35. Başvuruda tespit edilen hak ihlalinin sonuçlarının
ortadan kaldırılması için yeniden yargılama yapılmasında hukuki yarar
bulunmaktadır. Bu kapsamda kararın gönderildiği yargı mercilerince yapılması
gereken iş, yeniden yargılama işlemlerini başlatmak ve Anayasa Mahkemesini
ihlal sonucuna ulaştıran nedenleri gideren, ihlal kararında belirtilen ilkelere
uygun yeni bir karar vermektir (30/3/2011 tarihli ve 6216 sayılı Anayasa
Mahkemesinin Kuruluşu ve Yargılama Usulleri Hakkında Kanun'un 50. maddesinin
(2) numaralı fıkrasında düzenlenen bireysel başvuruya özgü yeniden yargılama
kurumunun özelliklerine ilişkin kapsamlı açıklamalar için bkz. Mehmet Doğan
[GK], B. No: 2014/8875, 7/6/2018, §§ 54-60; Aligül Alkaya ve diğerleri (2),
B. No: 2016/12506, 7/11/2019, §§ 53-60, 66; Kadri Enis Berberoğlu (3)

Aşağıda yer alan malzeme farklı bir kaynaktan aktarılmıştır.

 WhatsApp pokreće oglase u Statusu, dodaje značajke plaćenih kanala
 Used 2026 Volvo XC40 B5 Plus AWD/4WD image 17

[GK], B. No: 2020/32949, 21/1/2021, §§ 93-100).
36. Yeniden yargılama yapılmak üzere dosyanın yetkili
yargı merciine gönderilmesine karar verilmesinin ihlal sonucu açısından yeterli
bir giderim sağladığı anlaşıldığından başvurucunun tazminat talebinin reddine
karar verilmesi gerekir.
VI. HÜKÜM
Açıklanan gerekçelerle;
A. Mülkiyet hakkının ihlal edildiğine ilişkin iddianın
KABUL EDİLEBİLİR OLDUĞUNA,
B. Anayasa'nın 35. maddesinde güvence altına alınan
mülkiyet hakkının İHLAL EDİLDİĞİNE,
C. Kararın bir örneğinin mülkiyet hakkının ihlalinin
sonuçlarının ortadan kaldırılması için yeniden yargılama yapılmak üzere Bursa
2. İdare Mahkemesine (E.2019/8, K.2019/697) GÖNDERİLMESİNE,
D. Başvurucunun tazminat talebinin REDDİNE,
E. 446,90 TL harç ve 9.900 TL vekâlet ücretinden oluşan
toplam 10.346,90 TL yargılama giderinin başvurucuya ÖDENMESİNE,
F. Ödemenin, kararın tebliğini takiben başvurucunun
Hazine ve Maliye Bakanlığına başvuru tarihinden itibaren dört ay içinde
yapılmasına, ödemede gecikme olması hâlinde bu sürenin sona erdiği tarihten
ödeme tarihine kadar geçen süre için yasal FAİZ UYGULANMASINA,
G. Kararın bir örneğinin Adalet Bakanlığına
GÖNDERİLMESİNE 11/7/2023 tarihinde OYBİRLİĞİYLE karar verildi.